フシギな片想い


そこまでを説明するのは面倒だから、


「ページを捲る感じがいいから、後、インクの匂いが落ち着く」と取って付けたような理由を述べた。


やっと解放されると、自動ドアを出た所で、「じゃあ、俺、こっちだから」と働く店の方角を指さした。

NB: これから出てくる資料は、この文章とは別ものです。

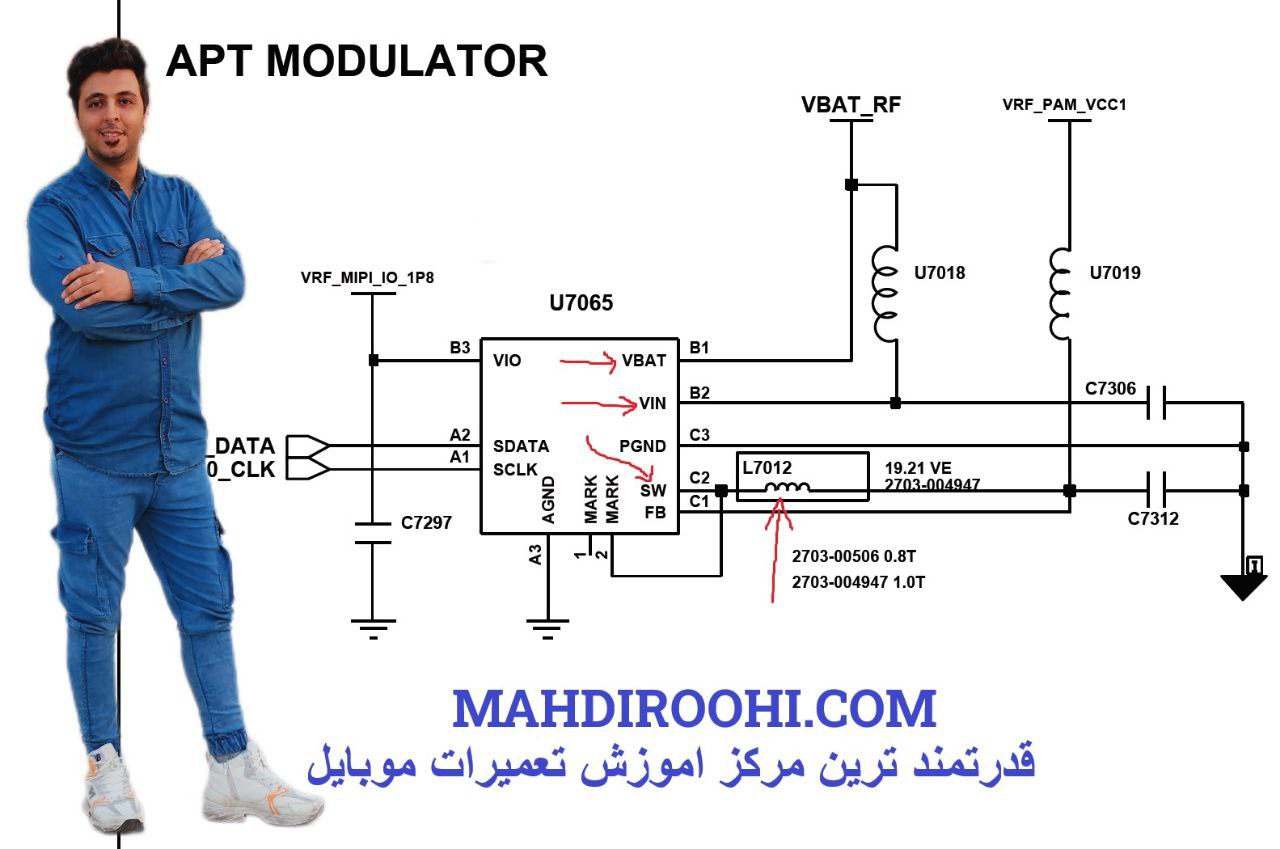 ایسی APT در موبایل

「私も一緒に行っていい?実は待ち合わせって児玉くんのバイト先なんだよね」


あ、そうなんだ。


じゃあ、一緒に行こうかとも言ってないのに、その子は店に向かって歩き出していた。


やっぱり、女って苦手だと改めて思った。




「ねぇ、見て、児玉くん、かわいくない?」

「見て見て、これかわいい~」

「かわいい~」


肩を並べて歩き始めて数分ですでに、彼女に付き合った自分に後悔をした。


散歩するパグを見つけて、店頭に並ぶぬいぐるみを見つけて、薬局の前に立つオレンジ色の象を見て、とにかく彼女は「かわいい」と連呼した。


「かわいいって言ってる自分がかわいいんだろ?」と突っ込みたい気分でいっぱいだったが、美雨の友達なのでぐっと堪える。


この通りを抜けた先に、バイト先であるファミレスが見えて来る。


若干、速足になっているかもしれなかった。